In his petition, plaintiff alleged defendant McNabb owns land in Davenport adjacent to that of plaintiff. Defendant Overhead Door has a business on McNabb's land. Plaintiff claimed that construction work on McNabb's land had changed the natural flow of surface water, causing flooding and water damage of plaintiff's property. He asked the court to enjoin defendants from changing the natural water flow across their property and for an award of damages.

In addition to denying plaintiff's allegations, defendant McNabb in his answer to the petition alleged the grade of his property had not been changed, and that plaintiff knew of the drainage characteristics of McNabb's property when plaintiff purchased his own land.

At trial, defendants called two non-expert witnesses not listed in their answers to interrogatories. When Harry Bainer, the first witness was called, plaintiff stated:

*600 MR. DeLANGE: Your Honor, before Mr. Bainer testifies, I would have to register an objection. In the answers to interrogatories, defendants did not list Mr. Bainer as a person having any information dealing with the matters in this lawsuit, and I have no supplemental answers to those.[1]

Bainer was the prior owner of defendants' property and knew of past and present drainage of the land of plaintiff and McNabb.

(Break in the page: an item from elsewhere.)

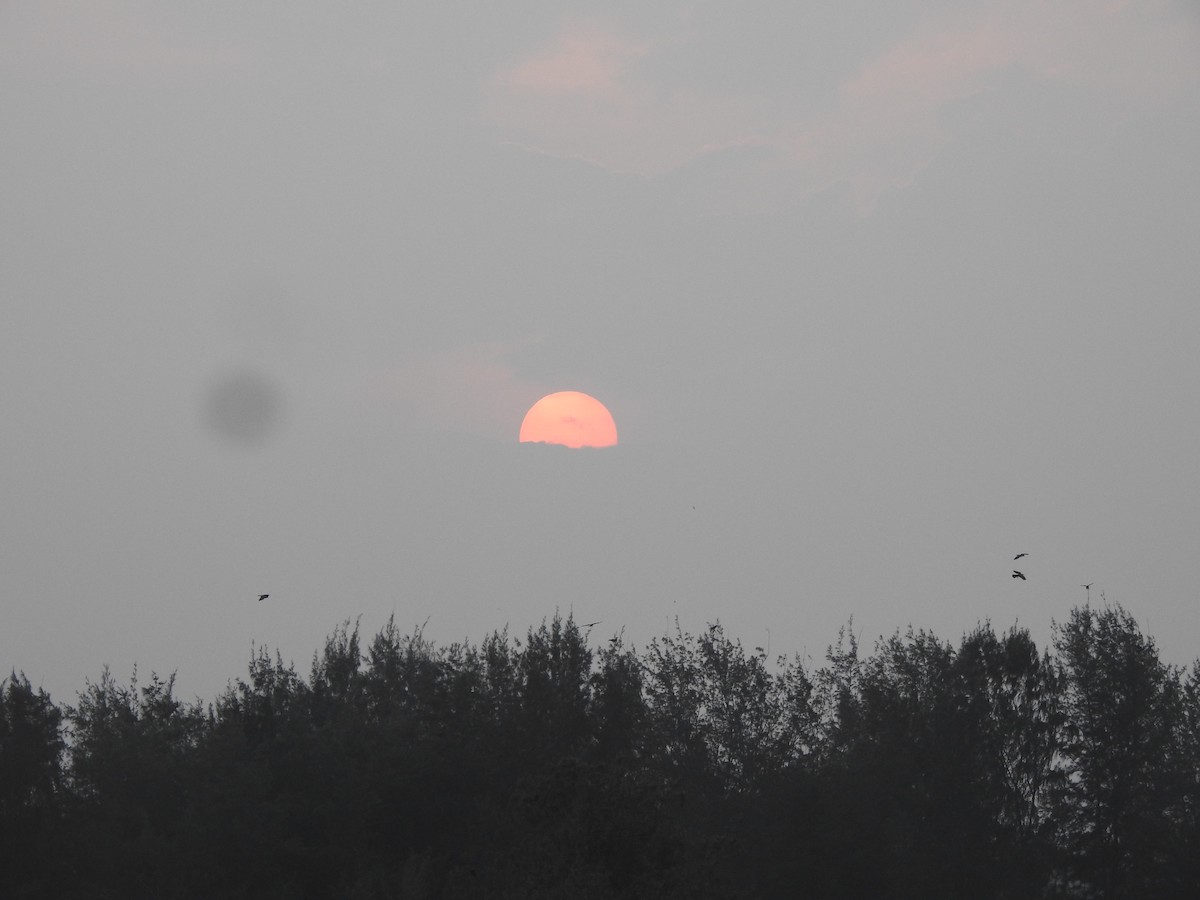 Large-billed Crow - ML647685295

The court at first offered a continuance to permit plaintiff to take Bainer's deposition. In response, plaintiff said:

MR. DeLANGE: I would like to do that; however, I do not want to hold the witness up if I don't have to.

However, after an unrecorded conference, the court stated:

The Court has just now been advised that the plaintiff wants to take the deposition of this witness, although the Court is also advised that the plaintiff has taken no depositions of anybody in this case. I'm going to withdraw my offer. I'm not going to permit the taking of the deposition. I am going to permit the testimony of the witness, which I believe is in my discretion. You may continue.

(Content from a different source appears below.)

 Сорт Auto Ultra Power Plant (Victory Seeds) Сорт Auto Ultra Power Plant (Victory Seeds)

Bainer then proceeded to testify for defendants and was cross-examined by plaintiff.

When defendants called Erle Glaus as a witness to testify as to his familiarity with the two properties in question and their water problems, plaintiff stated:

MR. DeLANGE: Your Honor, before this witness testifies, I would again renew my objection that I stated yesterday as to this witness not being previously disclosed as per the interrogatories that we submitted to the defendant.

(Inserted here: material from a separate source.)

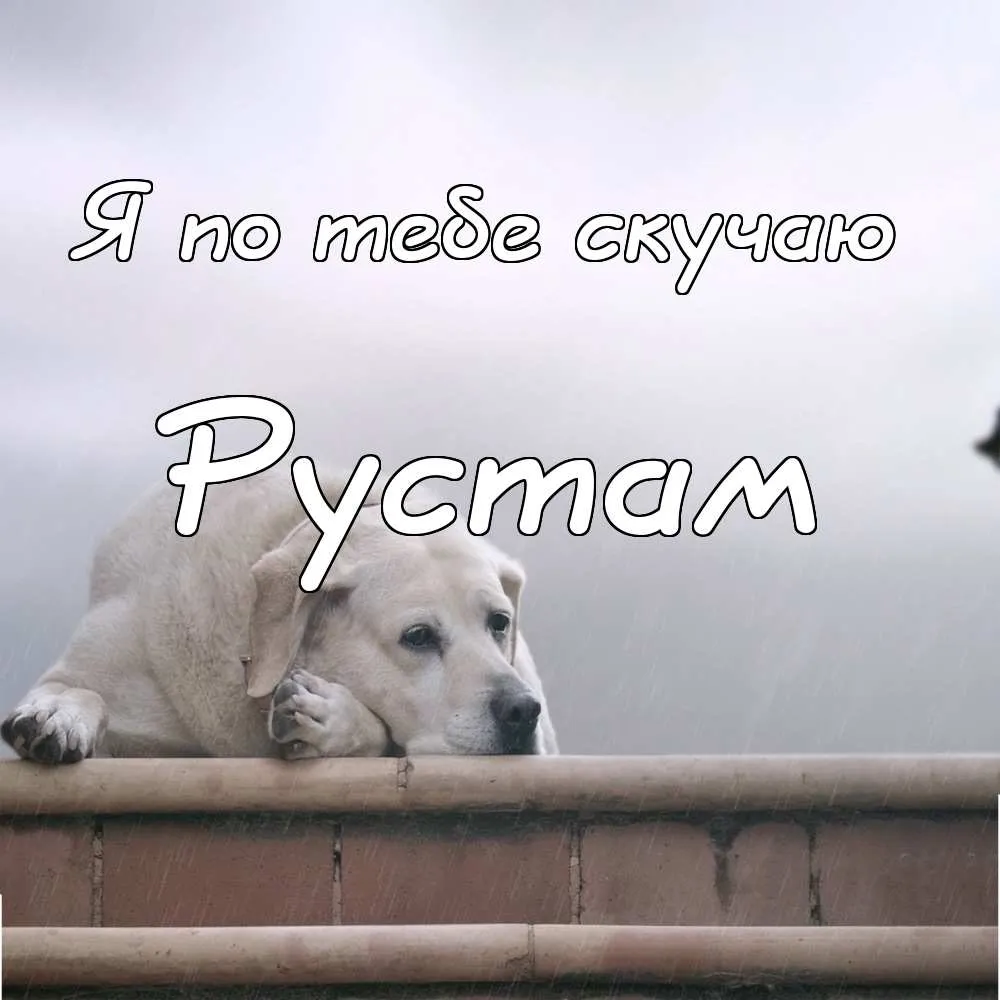 Открытка Открытки с именем Рустам - Грустный пёс: открытка с печальным псом | Красивая открытка #170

In response, the court said:

Well, number one, as I said, you didn't insist on enforcement of the answers to interrogatories and they weren't filed until Friday, which would have done you little or no good, but in addition, I have to honestly say that I don't feel that the shotgun approach of the question that you're claiming should have elicited this person as a witness is specific enough to produce a sanction and prohibit his testimony.

The court also allowed this witness to testify on direct and then cross-examination.

On appeal, plaintiff says the answer to his first interrogatory was insufficient. We agree.

The interrogatory used here is a standard one, filed in many civil cases in Iowa. The names of potential witnesses having knowledge of the matters alleged in the pleadings is among the most important information that can be obtained by interrogatories. This information helps prevent surprise at trial, a major goal of the discovery rules. This view does not conflict with Iowa R.Civ.P. 143, which states a party shall not be required to list the witnesses he actually expects to call at trial, except for expert witnesses.

Here, defendants failed to adequately answer or supplement their answer to plaintiff's first interrogatory. Plaintiff was confronted at trial with two witnesses defendants had not revealed as persons who have any knowledge or information of the matters that have been set forth in plaintiff's petition and in defendants' answer.

We disagree with trial court and defendants and believe plaintiff's interrogatory was specific enough to have obligated defendants to list in their answer to the interrogatory, or a supplement thereto, the names of Bainer and Glaus.

In his brief, plaintiff impliedly asks for a reversal as was granted in Schapp v. Chicago and North Western Railway Company, *601 261 Iowa 646, 155 N.W.2d 531 (1968) and to be able to take the depositions of the two defense witnesses.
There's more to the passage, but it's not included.